(Data provided begins)

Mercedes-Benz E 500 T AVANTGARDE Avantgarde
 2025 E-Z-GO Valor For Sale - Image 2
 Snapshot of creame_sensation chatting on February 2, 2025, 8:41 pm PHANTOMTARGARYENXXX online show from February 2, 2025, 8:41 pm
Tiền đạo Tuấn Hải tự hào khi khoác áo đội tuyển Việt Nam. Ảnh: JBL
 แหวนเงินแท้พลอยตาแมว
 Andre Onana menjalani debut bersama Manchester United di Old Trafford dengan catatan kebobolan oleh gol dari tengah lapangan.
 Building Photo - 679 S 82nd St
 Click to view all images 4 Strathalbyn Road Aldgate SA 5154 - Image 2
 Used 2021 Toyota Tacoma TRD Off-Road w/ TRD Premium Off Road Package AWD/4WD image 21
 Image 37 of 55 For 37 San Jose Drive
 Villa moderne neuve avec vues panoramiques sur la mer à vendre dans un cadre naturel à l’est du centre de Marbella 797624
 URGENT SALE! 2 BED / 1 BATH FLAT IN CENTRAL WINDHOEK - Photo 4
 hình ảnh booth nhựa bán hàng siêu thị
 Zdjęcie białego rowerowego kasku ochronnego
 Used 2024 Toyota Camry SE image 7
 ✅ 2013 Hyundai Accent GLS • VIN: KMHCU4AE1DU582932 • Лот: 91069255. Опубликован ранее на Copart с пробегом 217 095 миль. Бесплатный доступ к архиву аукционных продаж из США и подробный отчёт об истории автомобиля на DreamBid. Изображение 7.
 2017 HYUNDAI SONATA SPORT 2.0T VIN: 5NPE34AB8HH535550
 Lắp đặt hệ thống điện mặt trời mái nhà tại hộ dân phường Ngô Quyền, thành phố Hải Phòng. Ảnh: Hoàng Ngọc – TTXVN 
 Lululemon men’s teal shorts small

(Data provided ends)

* [Problem description]: Counting only those lines of the data above where the word "Photo" appears, give the number and nothing more.

* [Result of the exercise]: 2